The reluctance to change interest rates has prevented Sterling from making any significant headway against any of its counterparts, specifically the Euro where several times this year GBP has found resistance above 1.42
Yesterday’s minutes implied that the Bank of England have intended on keeping The Pound weak for as long as possible. A stronger Pound makes imports cheaper, which is reflected in yesterday’s Trade Balance figures. The reading showed that imports had risen by 5.4% whereas exports had fallen by 1.6%.
Despite the UK economy showing a distinct lack of activity there is some signs of improvement which should be taken as a positive.
Unemployment is now down by over 5%, wages and house prices are rising, the Services and Retail Sector are in good health and over 175 thousand new jobs have been created. This data for the UK is positive and suggests that general confidence in a sustained recovery should still be high although Consumer Confidence has decreased by 0.2% this month.
There is little data out of any significance for the UK today so all eyes turn to next week’s US interest rate decision. I expect that there will be huge volatility in the run up to and during the event so if you wish to hedge your exposure to the markets and prevent losses incurred from the expected movement please call our friendly team of brokers now.

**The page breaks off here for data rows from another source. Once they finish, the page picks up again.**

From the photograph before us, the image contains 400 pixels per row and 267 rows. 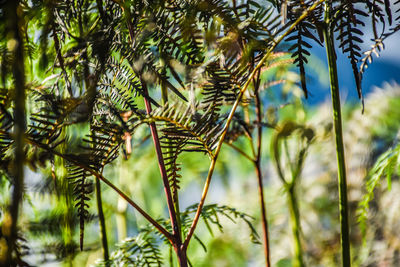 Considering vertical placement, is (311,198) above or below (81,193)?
below

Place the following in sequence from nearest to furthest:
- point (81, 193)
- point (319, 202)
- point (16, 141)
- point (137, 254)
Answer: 1. point (16, 141)
2. point (81, 193)
3. point (137, 254)
4. point (319, 202)

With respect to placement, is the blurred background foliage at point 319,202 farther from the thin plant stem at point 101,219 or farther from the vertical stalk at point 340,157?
the vertical stalk at point 340,157

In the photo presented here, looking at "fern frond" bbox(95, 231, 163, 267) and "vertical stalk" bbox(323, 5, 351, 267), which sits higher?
"vertical stalk" bbox(323, 5, 351, 267)

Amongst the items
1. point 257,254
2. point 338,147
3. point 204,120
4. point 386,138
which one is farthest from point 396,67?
point 204,120

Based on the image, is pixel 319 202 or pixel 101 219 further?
pixel 319 202

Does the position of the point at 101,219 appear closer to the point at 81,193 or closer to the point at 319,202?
the point at 81,193

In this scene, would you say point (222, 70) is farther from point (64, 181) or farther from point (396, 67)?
point (396, 67)

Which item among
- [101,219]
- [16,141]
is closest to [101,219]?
[101,219]

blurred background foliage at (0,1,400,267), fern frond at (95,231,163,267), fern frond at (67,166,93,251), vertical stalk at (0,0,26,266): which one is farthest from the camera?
blurred background foliage at (0,1,400,267)

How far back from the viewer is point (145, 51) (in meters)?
0.36

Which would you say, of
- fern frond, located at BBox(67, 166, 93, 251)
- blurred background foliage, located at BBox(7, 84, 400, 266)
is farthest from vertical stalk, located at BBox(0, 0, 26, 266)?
blurred background foliage, located at BBox(7, 84, 400, 266)

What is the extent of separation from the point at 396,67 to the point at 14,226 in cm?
171

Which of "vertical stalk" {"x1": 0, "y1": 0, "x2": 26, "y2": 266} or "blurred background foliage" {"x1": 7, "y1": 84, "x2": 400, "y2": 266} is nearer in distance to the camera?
"vertical stalk" {"x1": 0, "y1": 0, "x2": 26, "y2": 266}

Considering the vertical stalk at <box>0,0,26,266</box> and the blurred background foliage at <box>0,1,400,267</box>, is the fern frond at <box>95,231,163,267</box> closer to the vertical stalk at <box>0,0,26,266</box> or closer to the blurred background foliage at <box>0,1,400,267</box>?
the vertical stalk at <box>0,0,26,266</box> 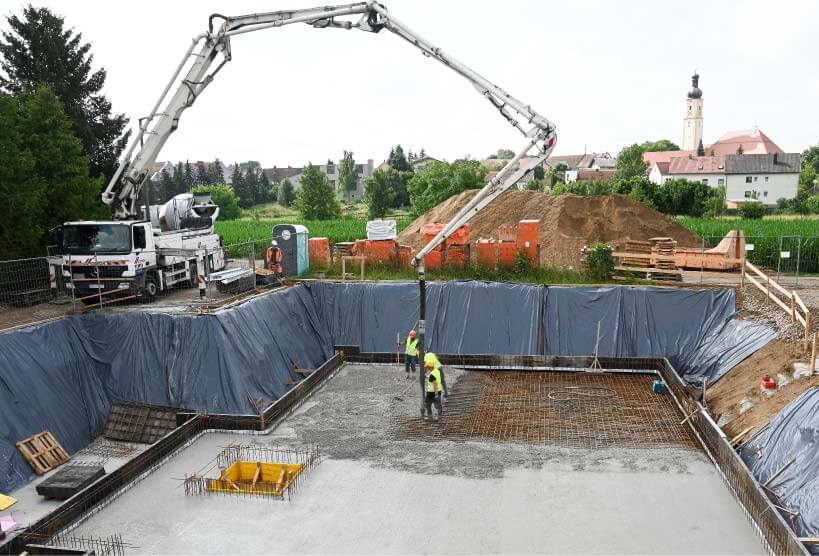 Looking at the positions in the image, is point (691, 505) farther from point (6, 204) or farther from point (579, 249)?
point (6, 204)

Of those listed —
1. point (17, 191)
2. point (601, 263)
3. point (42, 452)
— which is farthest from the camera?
point (601, 263)

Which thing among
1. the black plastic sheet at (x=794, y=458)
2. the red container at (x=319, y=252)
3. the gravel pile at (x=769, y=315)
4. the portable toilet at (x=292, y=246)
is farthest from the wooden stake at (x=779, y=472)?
the red container at (x=319, y=252)

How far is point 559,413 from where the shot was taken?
44.6 ft

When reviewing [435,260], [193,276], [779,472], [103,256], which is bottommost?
[779,472]

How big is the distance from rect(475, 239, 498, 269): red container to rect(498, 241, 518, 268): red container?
0.19 meters

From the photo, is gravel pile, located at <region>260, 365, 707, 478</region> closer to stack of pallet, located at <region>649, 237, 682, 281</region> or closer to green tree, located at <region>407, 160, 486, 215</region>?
stack of pallet, located at <region>649, 237, 682, 281</region>

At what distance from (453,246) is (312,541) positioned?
13753 mm

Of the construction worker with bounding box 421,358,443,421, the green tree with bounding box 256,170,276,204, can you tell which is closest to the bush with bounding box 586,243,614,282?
the construction worker with bounding box 421,358,443,421

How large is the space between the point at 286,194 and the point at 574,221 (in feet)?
215

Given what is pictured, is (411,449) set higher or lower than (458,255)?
lower

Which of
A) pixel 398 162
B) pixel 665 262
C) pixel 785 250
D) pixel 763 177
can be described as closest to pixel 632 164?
pixel 763 177

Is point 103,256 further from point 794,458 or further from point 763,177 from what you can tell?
point 763,177

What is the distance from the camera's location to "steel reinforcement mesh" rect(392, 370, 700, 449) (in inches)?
488

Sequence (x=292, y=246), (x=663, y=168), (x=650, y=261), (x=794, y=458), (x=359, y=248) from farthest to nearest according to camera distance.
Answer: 1. (x=663, y=168)
2. (x=359, y=248)
3. (x=650, y=261)
4. (x=292, y=246)
5. (x=794, y=458) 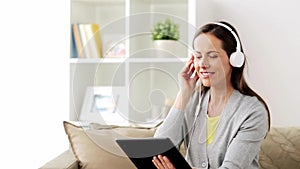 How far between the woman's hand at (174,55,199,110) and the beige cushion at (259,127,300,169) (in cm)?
77

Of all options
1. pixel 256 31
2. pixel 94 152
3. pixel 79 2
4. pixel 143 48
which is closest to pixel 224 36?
pixel 143 48

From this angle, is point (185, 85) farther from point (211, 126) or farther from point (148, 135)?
point (148, 135)

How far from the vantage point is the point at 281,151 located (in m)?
2.41

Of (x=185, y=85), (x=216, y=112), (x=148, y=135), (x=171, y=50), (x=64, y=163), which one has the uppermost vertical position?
(x=171, y=50)

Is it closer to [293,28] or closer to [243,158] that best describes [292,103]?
[293,28]

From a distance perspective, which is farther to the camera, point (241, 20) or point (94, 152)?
point (241, 20)

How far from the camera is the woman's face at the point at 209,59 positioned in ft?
5.40

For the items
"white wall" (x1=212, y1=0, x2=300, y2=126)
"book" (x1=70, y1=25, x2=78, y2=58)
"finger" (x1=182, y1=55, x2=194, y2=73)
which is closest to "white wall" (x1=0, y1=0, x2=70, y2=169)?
"book" (x1=70, y1=25, x2=78, y2=58)

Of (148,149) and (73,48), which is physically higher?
(73,48)

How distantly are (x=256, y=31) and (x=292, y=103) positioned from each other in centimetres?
41

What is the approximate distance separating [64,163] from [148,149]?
750mm

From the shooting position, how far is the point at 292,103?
9.81ft

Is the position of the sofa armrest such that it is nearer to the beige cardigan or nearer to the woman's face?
the beige cardigan

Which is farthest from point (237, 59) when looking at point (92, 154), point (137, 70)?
point (92, 154) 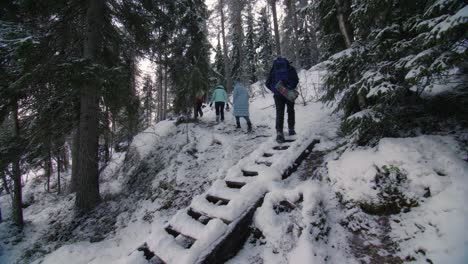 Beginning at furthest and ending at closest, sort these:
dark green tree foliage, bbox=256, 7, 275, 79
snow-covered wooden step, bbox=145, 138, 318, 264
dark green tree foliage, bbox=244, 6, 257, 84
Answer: dark green tree foliage, bbox=244, 6, 257, 84 → dark green tree foliage, bbox=256, 7, 275, 79 → snow-covered wooden step, bbox=145, 138, 318, 264

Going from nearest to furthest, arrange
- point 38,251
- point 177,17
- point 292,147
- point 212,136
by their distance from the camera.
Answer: point 292,147 → point 38,251 → point 212,136 → point 177,17

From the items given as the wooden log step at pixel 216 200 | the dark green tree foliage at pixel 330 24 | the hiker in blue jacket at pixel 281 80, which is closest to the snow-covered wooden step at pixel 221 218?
the wooden log step at pixel 216 200

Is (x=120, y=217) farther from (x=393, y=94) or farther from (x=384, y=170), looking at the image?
(x=393, y=94)

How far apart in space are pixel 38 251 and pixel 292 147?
6986 millimetres

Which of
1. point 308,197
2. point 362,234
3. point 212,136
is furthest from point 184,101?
point 362,234

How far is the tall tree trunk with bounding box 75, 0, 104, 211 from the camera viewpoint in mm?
6535

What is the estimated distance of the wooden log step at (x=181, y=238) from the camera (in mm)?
3263

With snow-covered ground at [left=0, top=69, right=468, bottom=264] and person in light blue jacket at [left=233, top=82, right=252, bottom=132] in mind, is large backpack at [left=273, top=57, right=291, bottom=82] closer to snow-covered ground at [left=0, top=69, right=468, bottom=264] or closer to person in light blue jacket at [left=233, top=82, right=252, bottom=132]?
snow-covered ground at [left=0, top=69, right=468, bottom=264]

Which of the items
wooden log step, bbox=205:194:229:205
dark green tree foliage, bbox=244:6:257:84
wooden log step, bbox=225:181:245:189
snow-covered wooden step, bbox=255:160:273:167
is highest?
dark green tree foliage, bbox=244:6:257:84

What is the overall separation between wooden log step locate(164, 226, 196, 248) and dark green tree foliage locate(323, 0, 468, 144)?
2915 millimetres

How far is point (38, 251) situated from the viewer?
5.93 m

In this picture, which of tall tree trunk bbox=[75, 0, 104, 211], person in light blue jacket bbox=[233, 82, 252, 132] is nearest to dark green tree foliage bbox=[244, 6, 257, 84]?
person in light blue jacket bbox=[233, 82, 252, 132]

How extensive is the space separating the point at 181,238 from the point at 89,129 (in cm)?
495

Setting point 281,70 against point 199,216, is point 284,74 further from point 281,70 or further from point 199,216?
point 199,216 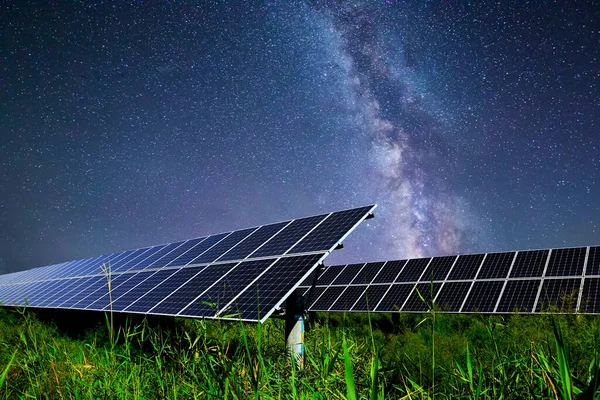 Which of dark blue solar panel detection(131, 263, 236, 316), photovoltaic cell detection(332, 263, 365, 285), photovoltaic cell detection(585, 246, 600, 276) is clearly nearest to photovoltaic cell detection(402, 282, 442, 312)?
photovoltaic cell detection(332, 263, 365, 285)

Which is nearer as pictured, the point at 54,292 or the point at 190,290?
the point at 190,290

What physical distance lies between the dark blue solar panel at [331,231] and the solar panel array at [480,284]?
4.20 ft

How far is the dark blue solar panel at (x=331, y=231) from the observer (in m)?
8.33

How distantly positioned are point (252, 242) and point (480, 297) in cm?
673

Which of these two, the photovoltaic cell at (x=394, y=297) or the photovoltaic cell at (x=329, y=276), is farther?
the photovoltaic cell at (x=329, y=276)

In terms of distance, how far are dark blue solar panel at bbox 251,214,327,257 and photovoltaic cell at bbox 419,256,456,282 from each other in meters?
5.44

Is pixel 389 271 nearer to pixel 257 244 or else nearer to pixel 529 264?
pixel 529 264

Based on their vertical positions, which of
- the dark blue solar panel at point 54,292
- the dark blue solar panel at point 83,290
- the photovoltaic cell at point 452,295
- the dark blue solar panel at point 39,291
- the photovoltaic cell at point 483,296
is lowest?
the photovoltaic cell at point 452,295

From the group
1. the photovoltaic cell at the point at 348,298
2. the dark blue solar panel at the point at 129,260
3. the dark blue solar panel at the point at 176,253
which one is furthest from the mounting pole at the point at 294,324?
the dark blue solar panel at the point at 129,260

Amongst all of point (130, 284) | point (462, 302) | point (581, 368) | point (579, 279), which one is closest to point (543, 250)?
point (579, 279)

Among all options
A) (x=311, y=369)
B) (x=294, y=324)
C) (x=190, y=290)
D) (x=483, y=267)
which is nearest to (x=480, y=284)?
(x=483, y=267)

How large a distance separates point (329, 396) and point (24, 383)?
3976 millimetres

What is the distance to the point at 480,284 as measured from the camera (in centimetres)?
1296

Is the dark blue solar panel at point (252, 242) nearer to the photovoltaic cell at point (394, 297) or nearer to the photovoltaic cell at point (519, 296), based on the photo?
the photovoltaic cell at point (394, 297) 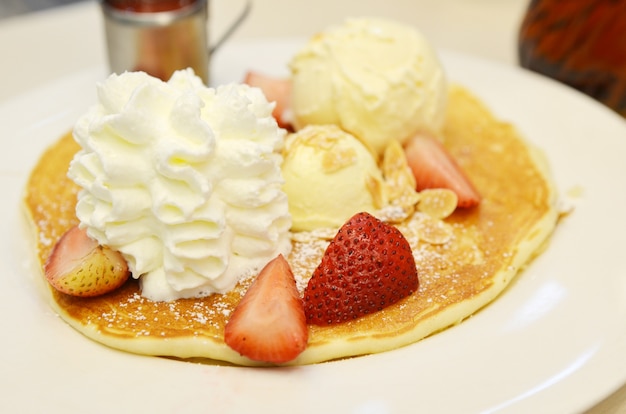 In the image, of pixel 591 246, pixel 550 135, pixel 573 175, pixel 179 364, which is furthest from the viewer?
pixel 550 135

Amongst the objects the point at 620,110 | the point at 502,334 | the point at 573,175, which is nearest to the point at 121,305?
the point at 502,334

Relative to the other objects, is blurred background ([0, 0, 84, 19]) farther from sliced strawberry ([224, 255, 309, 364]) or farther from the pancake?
sliced strawberry ([224, 255, 309, 364])

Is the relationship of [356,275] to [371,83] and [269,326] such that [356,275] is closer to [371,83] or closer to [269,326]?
[269,326]

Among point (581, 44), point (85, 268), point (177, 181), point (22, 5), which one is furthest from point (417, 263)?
point (22, 5)

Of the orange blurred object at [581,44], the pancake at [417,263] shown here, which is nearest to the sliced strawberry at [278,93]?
the pancake at [417,263]

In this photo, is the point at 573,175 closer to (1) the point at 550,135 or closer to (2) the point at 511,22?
(1) the point at 550,135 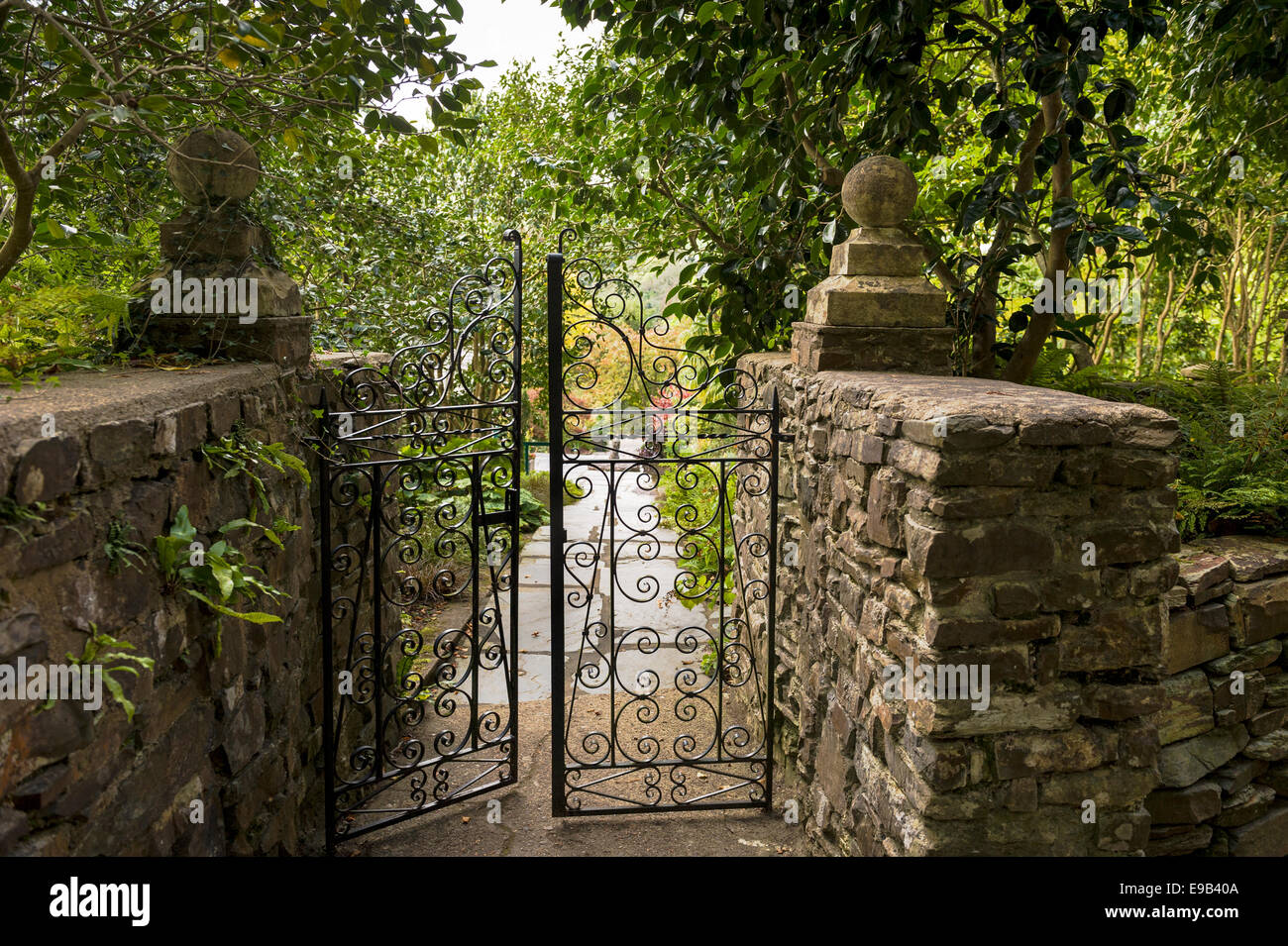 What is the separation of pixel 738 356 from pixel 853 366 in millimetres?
1490

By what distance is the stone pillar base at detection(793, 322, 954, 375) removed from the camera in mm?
3482

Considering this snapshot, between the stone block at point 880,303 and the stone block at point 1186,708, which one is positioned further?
the stone block at point 880,303

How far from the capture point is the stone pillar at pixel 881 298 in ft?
11.4

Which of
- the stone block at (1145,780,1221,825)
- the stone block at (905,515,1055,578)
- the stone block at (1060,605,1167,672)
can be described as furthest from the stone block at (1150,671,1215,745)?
the stone block at (905,515,1055,578)

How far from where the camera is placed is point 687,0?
3859 mm

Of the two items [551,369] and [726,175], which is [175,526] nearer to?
[551,369]

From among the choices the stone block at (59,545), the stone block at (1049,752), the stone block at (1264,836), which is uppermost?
the stone block at (59,545)

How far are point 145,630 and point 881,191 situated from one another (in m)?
2.99

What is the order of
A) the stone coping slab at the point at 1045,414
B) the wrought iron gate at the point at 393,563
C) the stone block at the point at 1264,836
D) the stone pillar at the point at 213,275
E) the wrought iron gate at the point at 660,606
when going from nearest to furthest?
the stone coping slab at the point at 1045,414
the stone pillar at the point at 213,275
the stone block at the point at 1264,836
the wrought iron gate at the point at 393,563
the wrought iron gate at the point at 660,606

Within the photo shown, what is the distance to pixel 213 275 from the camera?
122 inches

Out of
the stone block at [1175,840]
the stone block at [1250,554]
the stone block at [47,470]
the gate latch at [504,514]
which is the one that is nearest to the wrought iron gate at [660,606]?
the gate latch at [504,514]

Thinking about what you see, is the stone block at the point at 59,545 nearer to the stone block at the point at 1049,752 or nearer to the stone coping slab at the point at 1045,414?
the stone coping slab at the point at 1045,414

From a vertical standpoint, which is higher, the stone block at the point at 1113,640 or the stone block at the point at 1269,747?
the stone block at the point at 1113,640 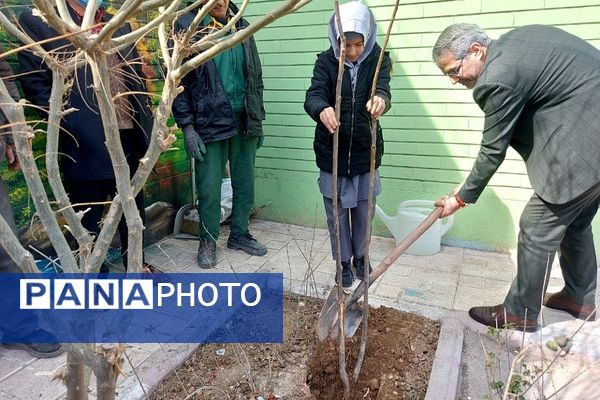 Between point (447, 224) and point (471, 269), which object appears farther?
point (447, 224)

Yesterday at 18:30 Governor of the Bank of England, Mark Carney spoke about his views on the current state of the UK economy. Carney implied that inflation levels will stay low until the second quarter of 2016 with low oil prices and a stronger Pound weighing down on the UK economy.
Those with GBP to sell must be mindful of the MPC’s commitment to a weaker Pound. With yesterday’s reading highlighting the effect of Sterling being up above 1.40 I would personally aim to sell off Pounds before their intentions are reflected on the exchange rates.